Madame Nielsen schreibt, singt und tanzt

Meyer: Genau, ist im Frühjahr hier erschienen.
Madame Nielsen: Ja, im Frühjahr. Und auch aus zwei anderen Romanen, die später bei Kiepenheuer & Witsch erscheinen werden, und dann wird Sabin Tambrea aus den drei Büchern lesen, und ich werde mit Julia Encke darüber sprechen, über mein Werk. Und dann wird es sogar zwei – weil so viele Leute sich gemeldet haben – zwei Konzerte um Mitternacht mit meinem Duo "The Nielsen Sisters". Und dann werden wir sehen, ob es später auch … Vielleicht tanz ich auch irgendein Ballett später mal durchs ganze Haus.
Meyer: Das Programm ist so vielfältig wie Ihre verschiedenen Leben, wie Sie sagen, gewesen sind, und die verschiedenen Künste, die Sie auch ausprobiert haben. Wenn wir auf Ihren Roman schauen, wie gesagt, im Frühjahr erschienen, "Der endlose Sommer", hier bei uns im Verlag Kiepenheuer & Witsch, können Sie uns vielleicht ein bisschen einführen in diesen Zustand? Was für ein endloser Sommer ist das in dem Buch?

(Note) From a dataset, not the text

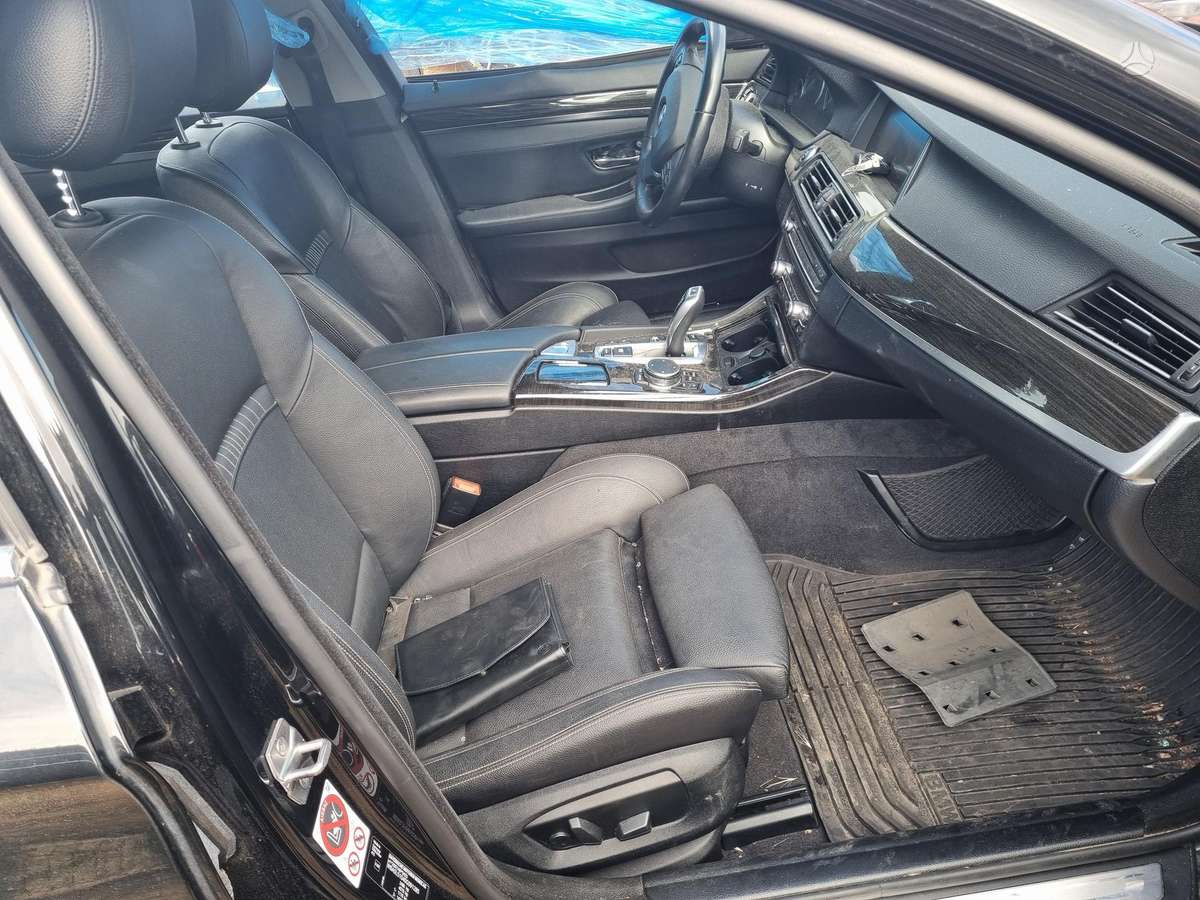 BMW 5 serija dalimis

Madame Nielsen: Oh ja. Dieser Zustand ist eine … Ich glaube, dass jeder Mensch irgendwann in seinem Leben in so eine Möglichkeit eines endlosen Sommers kommt. Hier ist es eine Gruppe von meistens jüngeren Menschen, die sich zufälligerweise … Plötzlich sind sie zusammen in einem weißen Bauernhaus auf dem Lande, und dort beginnt irgendwann so ein Leben außerhalb der Zeit. Die sind immer noch jung, ihr Leben ist immer noch offen, und alles ist möglich. Und man lebt in diesem Moment des "alles ist möglich", und das ist so ein Rausch. Und es ist eine Liebesgeschichte auch darin, mit einer älteren Frau und einem ganz jungen Mann, Künstler aus Portugal. Die ganze Geschichte wird von einer Erzählerin, die in Paris sitzt, eine ältere Frau wie ich – ich bin vielleicht noch nicht so alt, aber … Dann hört man auch ab und zu das ganze Leben von jedem …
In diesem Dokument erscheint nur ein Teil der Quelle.